Considerando o atual cenário da guerra comercial e suas constantes atualizações, Zorzal prevê que uma possível medida para que os EUA tentem se estabilizar seria o uso da sua velha política de pressão a países ao redor do mundo, por meio de coerções que visam isolar a China das relações comerciais globais. Mesmo que haja esse tipo de investida por parte dos Estados Unidos, um cenário de isolamento da China parece um pouco distante, tendo em vista as recentes trocas comerciais já pré-existentes entre a nação chinesa e os seus aliados do BRICS, além de novos acordos com os países europeus na fabricação de carros elétricos, por exemplo – que tende a impactar o mercado de carros elétricos dos Estados Unidos, como já havia sido visualizado com a queda de vendas da Tesla no último ano.
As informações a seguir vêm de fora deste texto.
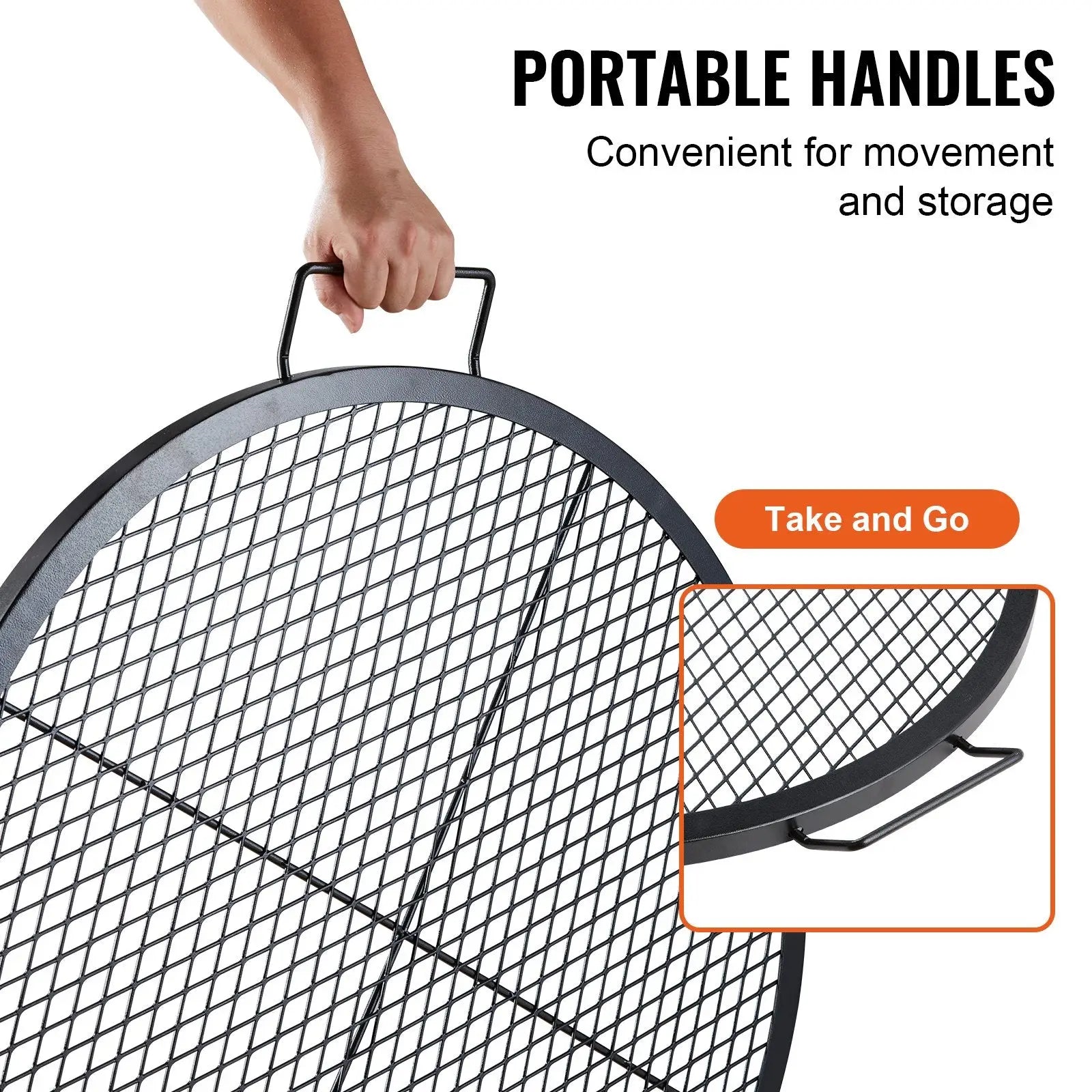 30 inch fire pit grill grate round black steel mesh with portable handles for easy movement and storage
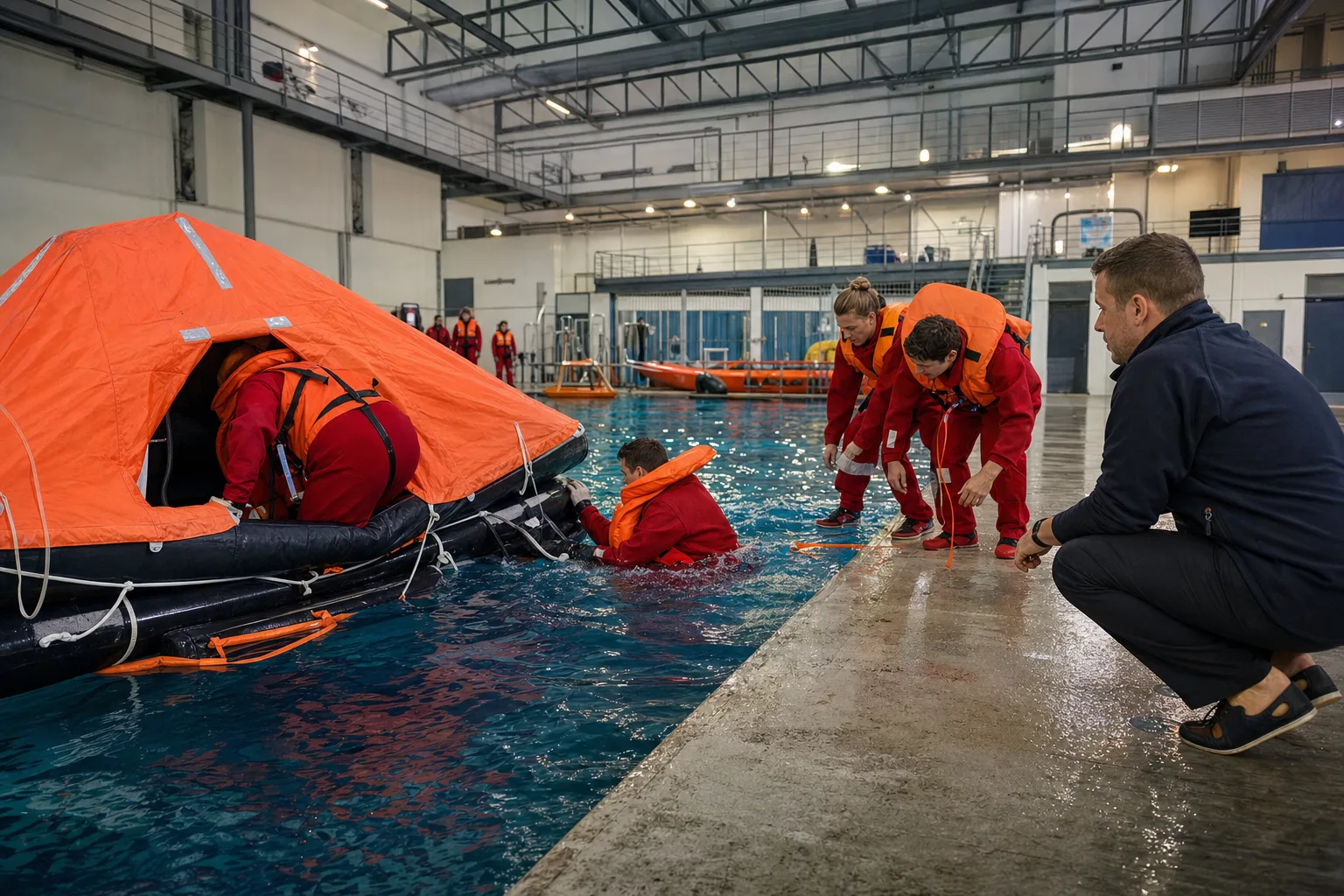 Trainees in lifejackets practising a life-raft drill in an indoor training pool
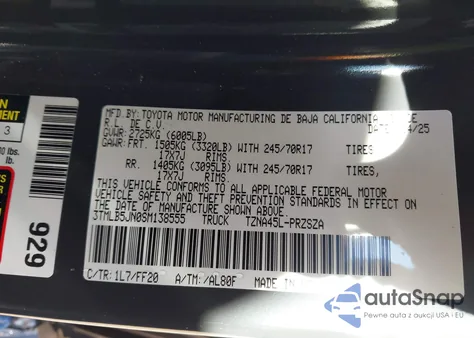 2025 Toyota Tacoma Sr5 from USA, damaged, VIN 3TMLB5JN0SM138555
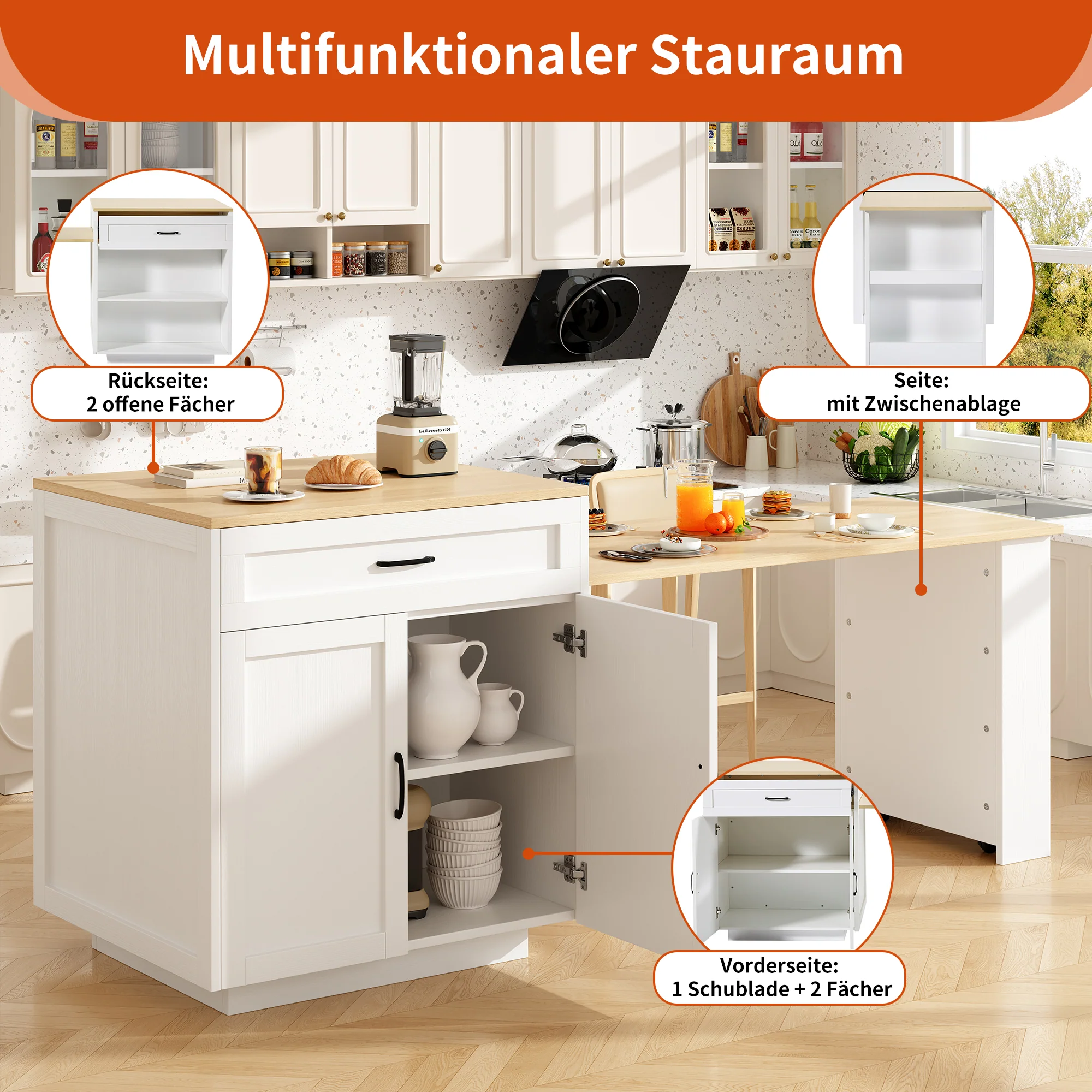 Extendable Bar Table Storage 2 Drawers Side Shelves - White - Image 9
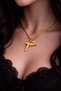 Supreme Uzi Gold Yellow Stainless Steel Necklace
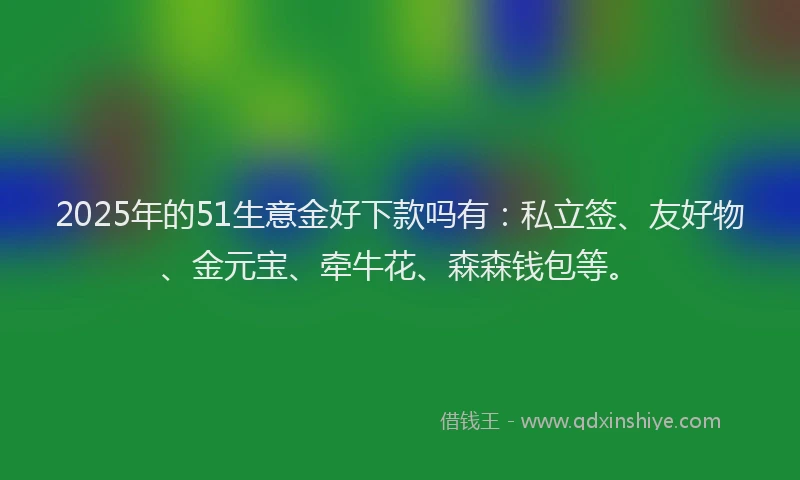 2025年的51生意金好下款吗有：私立签、友好物、金元宝、牵牛花、森森钱包等。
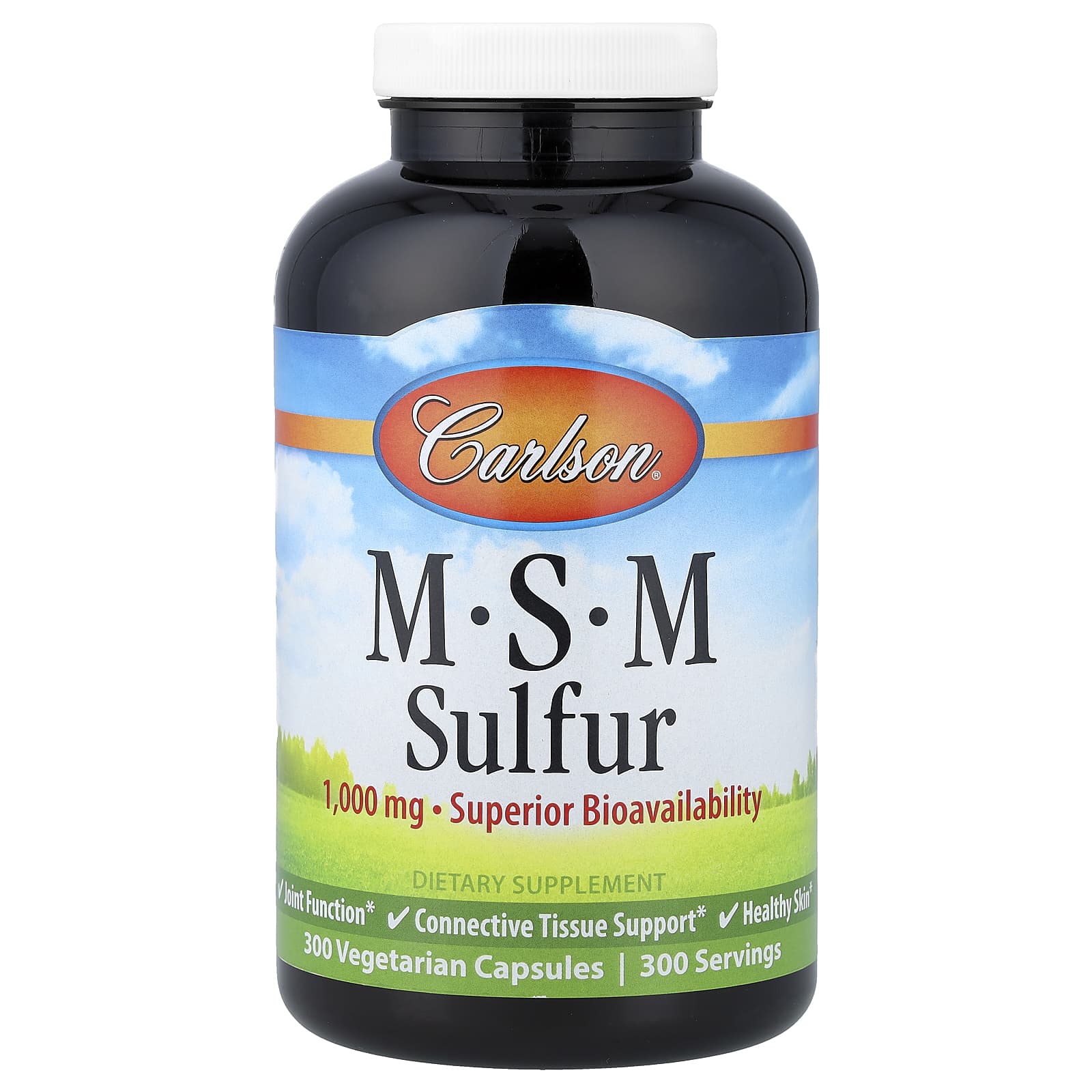 Carlson MSM Sulfur, 300 Capsules | OptiMSM & Gluten-Free - Image 1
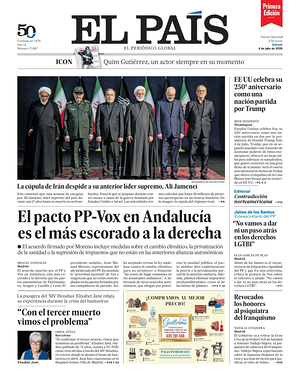 Prima pagina EL PAIS primera edicion di oggi - Quotidiano estero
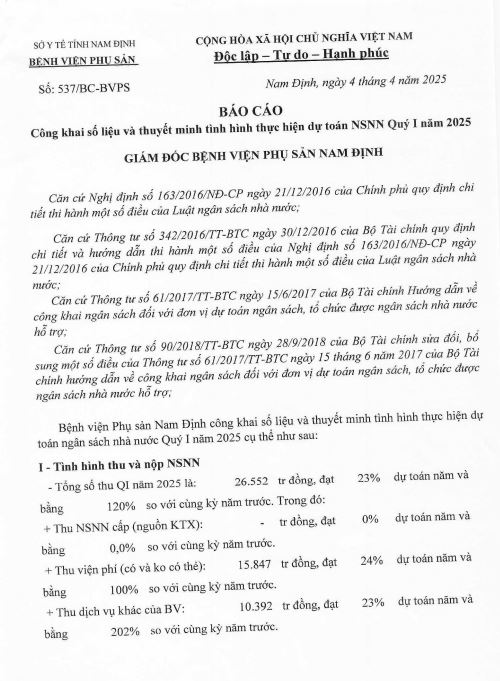 CÔNG KHAI SỐ LIỆU VÀ THUYẾT MINH TÌNH HÌNH THỰC HIỆN DỰ TOÁN NSNN QUÝ I NĂM 2025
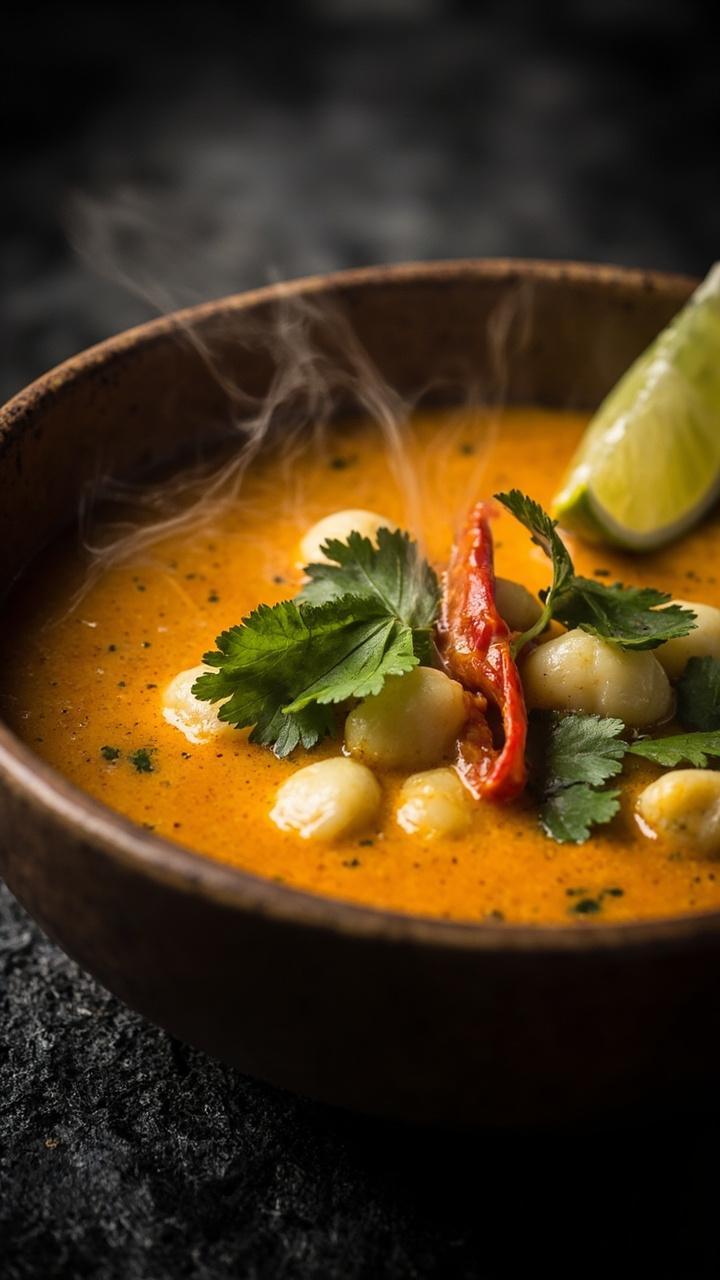 Creamy pale orange coconut broth with gnocchi, bright green cilantro leaves and thinly sliced red chili, small lime wedge on the side, served in a deep bowl on a dark cloth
De todo modo, o fechamento maior dos mercados com os acoplamentos, tanto do lado dos EUA, quanto do lado da China, força a cadeia reprodutiva a se relocalizar, evitando o envolvimento de ambos os países em uma nova dinâmica de produção. Isso impactaria diretamente no valor dos bens de consumo, apresentando um aumento significativo e comprometendo o crescimento global.

Por fim, Zorzal reitera que, apesar da política protecionista visar o reforço da indústria local, ela não é uma medida simples, pois em uma dinâmica econômica globalizada, mesmo a indústria local depende de outras indústrias para funcionar.

O economista ainda cita que “o ponto mais relevante em uma guerra comercial é observar qual país perde menos, e não qual deles ganha mais. É muito mais viável buscar parcerias comerciais. A busca do protecionismo sempre implica em perdas e outros problemas para ambos os lados envolvidos, promovendo de fato uma situação similar a uma guerra. No fim das contas, quem vence é o país que menos tem perdas.”